In the material below, find the line with "Flavor meets fireour"; set down that line and every line after it to the end, exactly, without pictures.
**** EXERCISE DATA
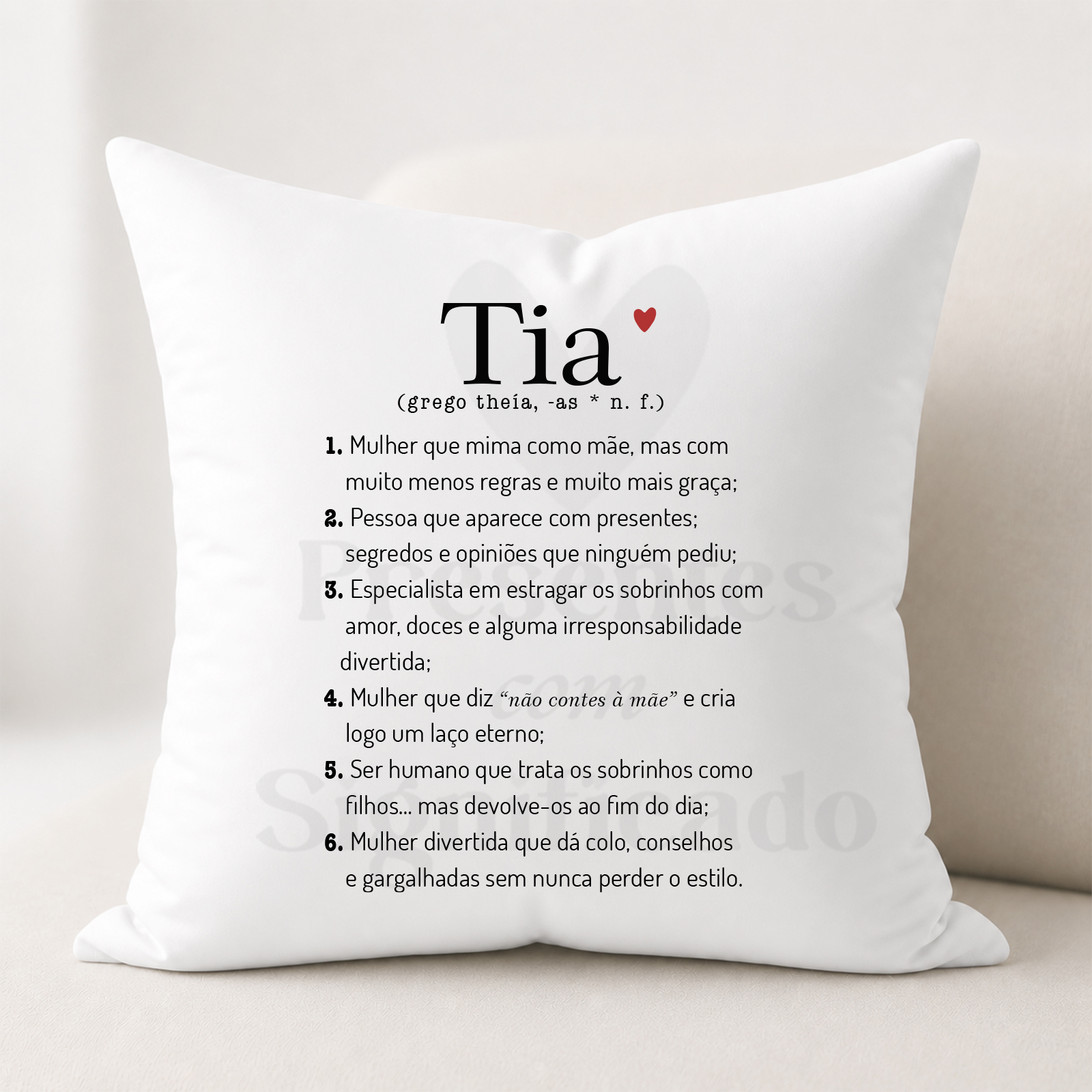 Fronha/Almofada - Tia Almofada branca com texto e definição de Tia em português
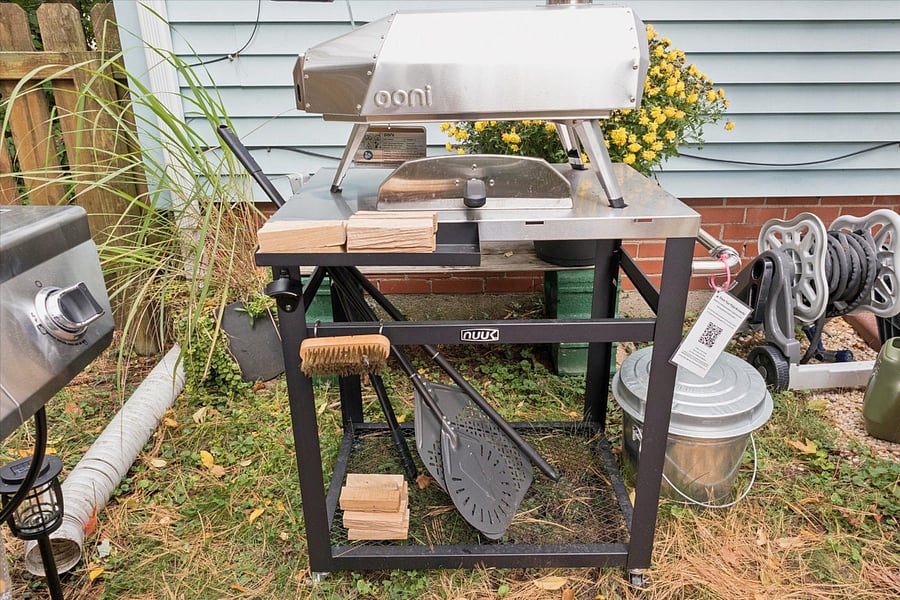 Flavor meets fireour South Bend backyard pizza station is stocked with peels, turning tools, wood, and charcoal. Alfresco cooking made easy for cozy, family-friendly nights near Notre Dame.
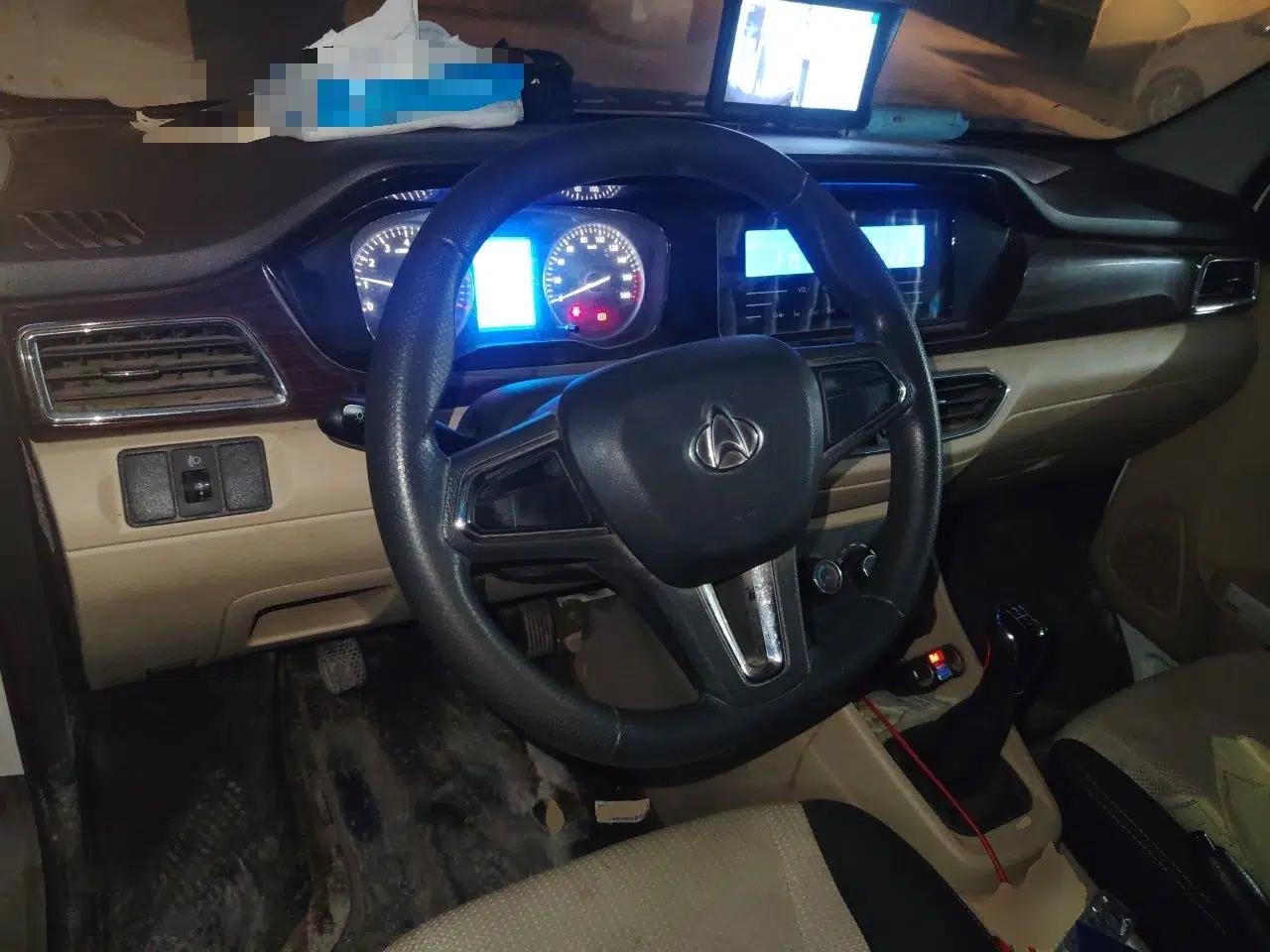 CHANGAN KUAYUE Xing V5 2021 1.6L Jinbao Edition Luxury Version DAM16KR — миниатюра 10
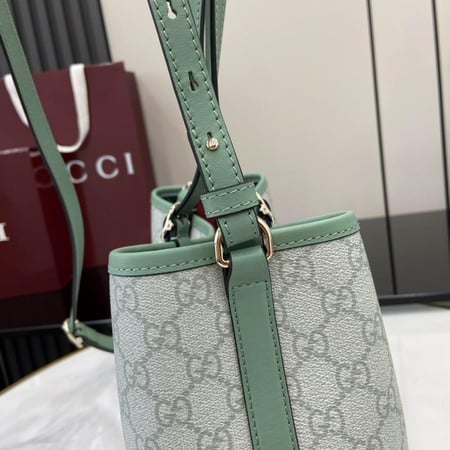 شنطة توت جوتشي متوسطة G G Emblem Medium Tote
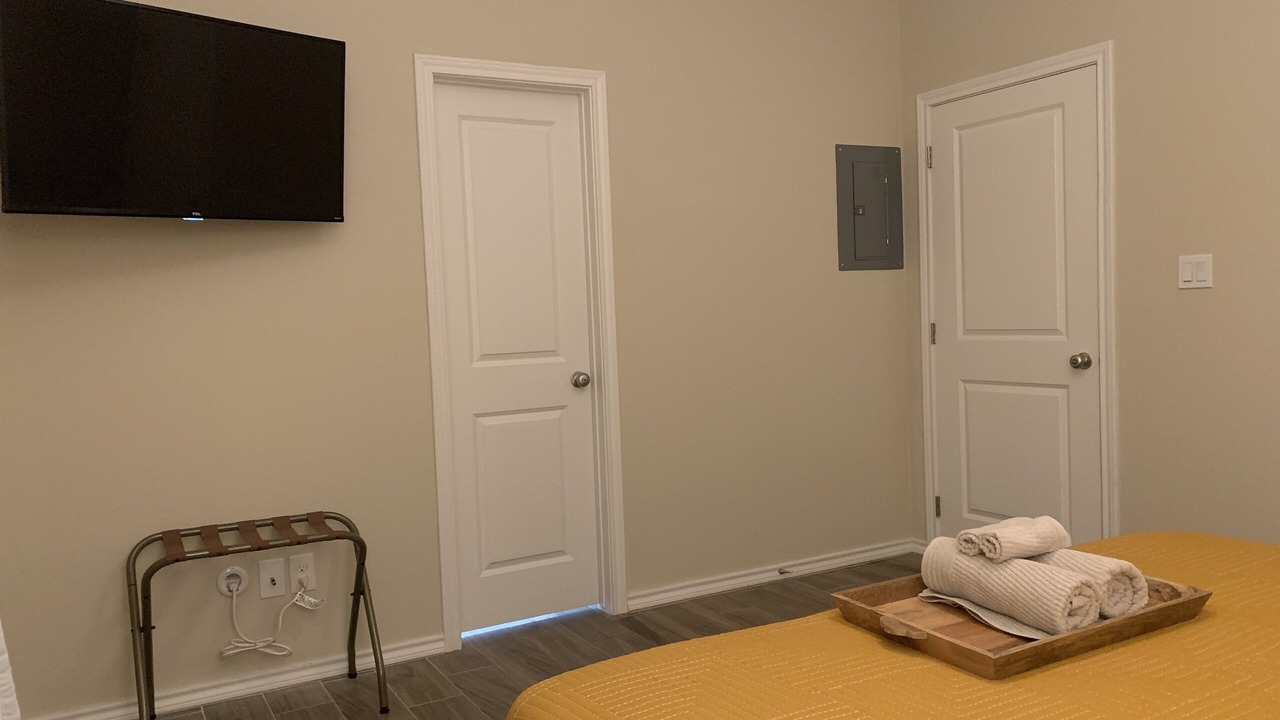 Photo of Bedroom in Edinburg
********
RESPONSE TO THE EXERCISE:
 Flavor meets fireour South Bend backyard pizza station is stocked with peels, turning tools, wood, and charcoal. Alfresco cooking made easy for cozy, family-friendly nights near Notre Dame.
 CHANGAN KUAYUE Xing V5 2021 1.6L Jinbao Edition Luxury Version DAM16KR — миниатюра 10
 شنطة توت جوتشي متوسطة G G Emblem Medium Tote
 Photo of Bedroom in Edinburg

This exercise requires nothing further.